This past week the bond markets genuinely wanted to better. Technically they were in a position to improve and, with an assist from President Carter, the markets turned in a creditable performance.
The overall feeling by bond people is that the higher rates eventually will slow the economy to the point that interest rates will decline.
The Treasury market ran into buyer apathy with the sale of the 15-year bond, which came in at an average return of 11.61 percent.
Among the taxable corporates, the $300 million Southern Bell Telephone issue sold out when it returned 12.94 percent. At the lower end of the quality scale, BAA-rated bonds last week returned 14 percent on a 10-year issue and 14.87 percent on a 30-year issue.
However, the unwanted 15-year Treasury bond placed a pall over the taxable markets until President Carter criticized what he said were excessively high interest rates. His speech greatly assisted the markets, and prices rose while yields declined. The longer maturities improved by between 2 and 3 points.
We have been suggesting that investors take tax losses in their bonds to offset gains on ordinary income. Because of the scarcity of bonds in the secondary market as well as the volatility of the market, dealers are making unusually wide spreads between their bids and offerings, especially on odd lots. A few years ago there might have been a spread of between 1 and 2 points. Today that spread is closer to 4 and 6 points and is most unfair to investors.
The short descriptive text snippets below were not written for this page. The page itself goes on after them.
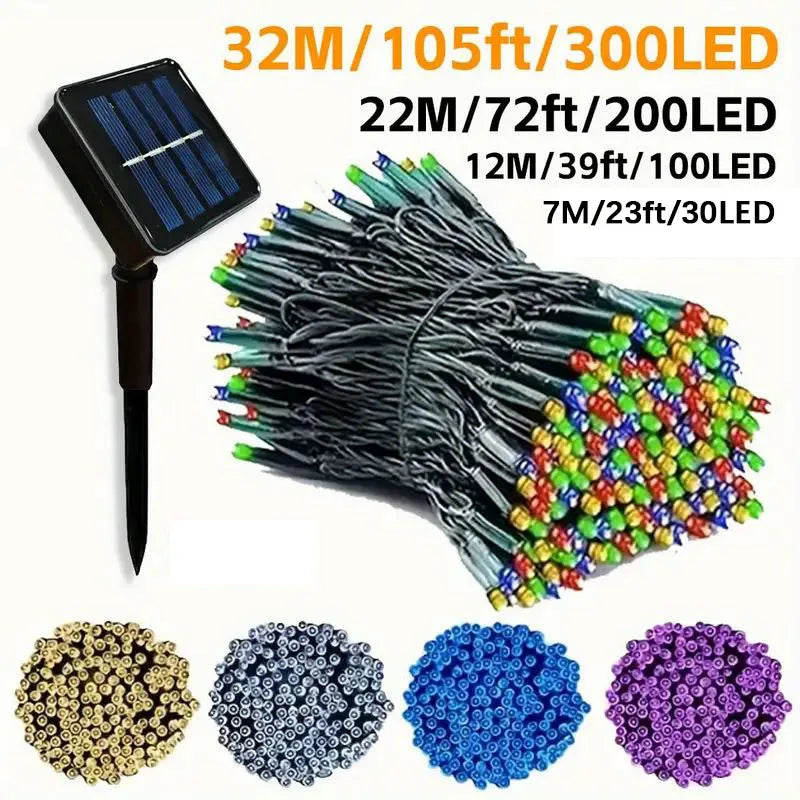 Solar LED String Lights - 8-Mode Waterproof Fairy Lights for Gardens, Weddings, Parties & Outdoor Decor
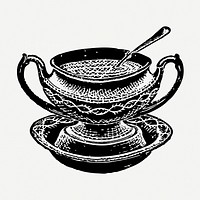 Soup bowl sticker, vintage object psd. Free public domain CC0 graphic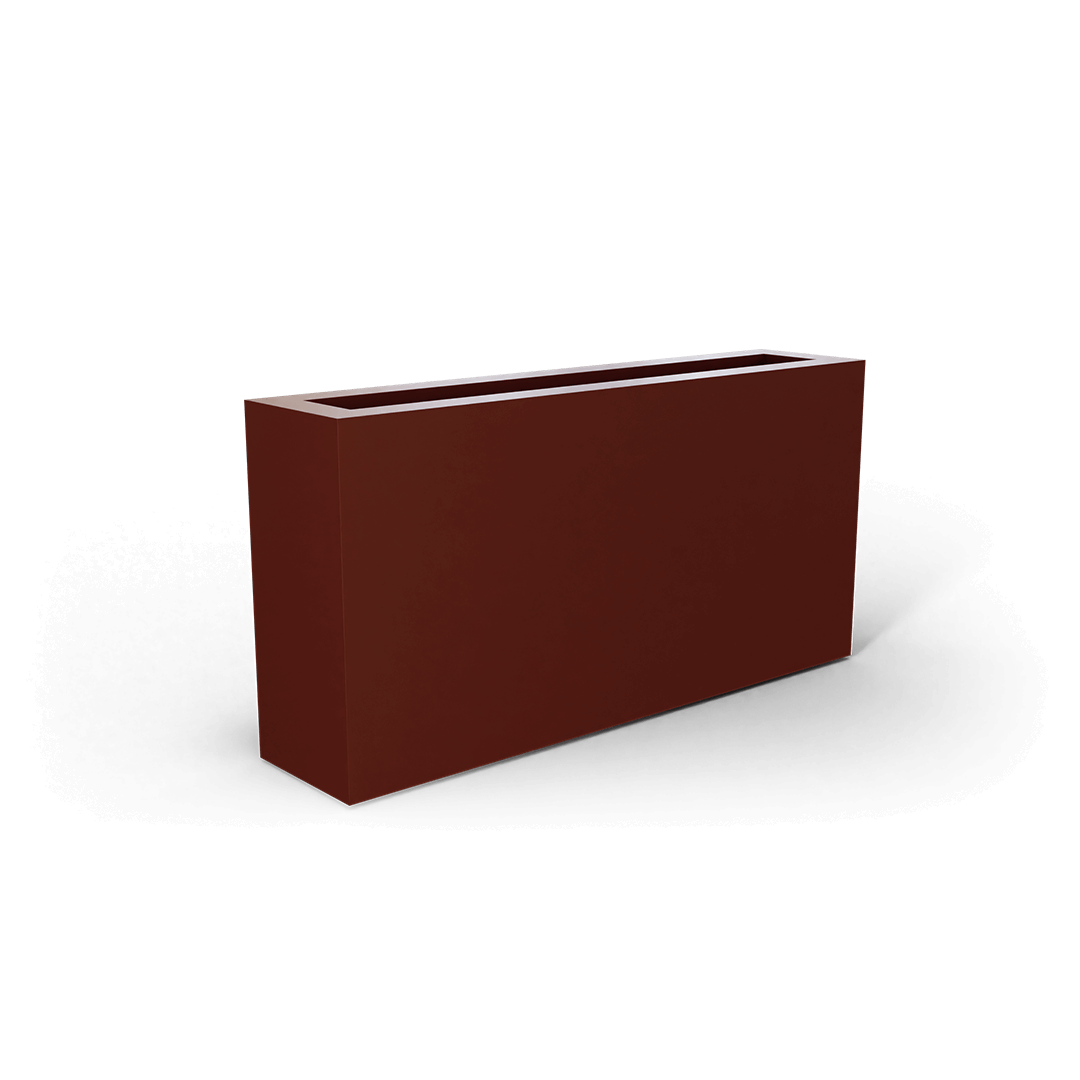 Camoux Rectangular Fiberglass Planter in Matte Terra Cotta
To counter this, the investor might consider selling his bonds and buying shares in a professionally managed no-load mutual fund. The shares are valued daily (net asset value -- the market value of all of the bonds divided by the number of shares), and no commissions are paid. A variety of funds offer a good choice of investments at a fair price.
For the tax-exempt buyer, there has been a plethora of short investments in the marketplace these past few months. One of these types, the student loan assistance revenue program, is being marketed more frequently and offers attractive returns. South Dakota sold last week, and Wyoming and Idaho offerings are expected in the next two weeks. These 2-year to 3-year bonds have recently offered returns of between 7 percent and 7 1/2 percent.
The loans are complex, but basically a corporation sells a bond issue for the purpose of raising funds to acquire student loans from eligible lenders. Pledged revenue from federal programs and federal subsidies, loan repayments and escrowed funds provide debt service over the life of the bond. Finally a third party (a bank or Sallie Mae) contracts to buy the loans back from the issuing corporation so that the original bond holders may be paid off at maturity. These bonds are generally rated A by the rating services. Check your local bondsman for more detailed information.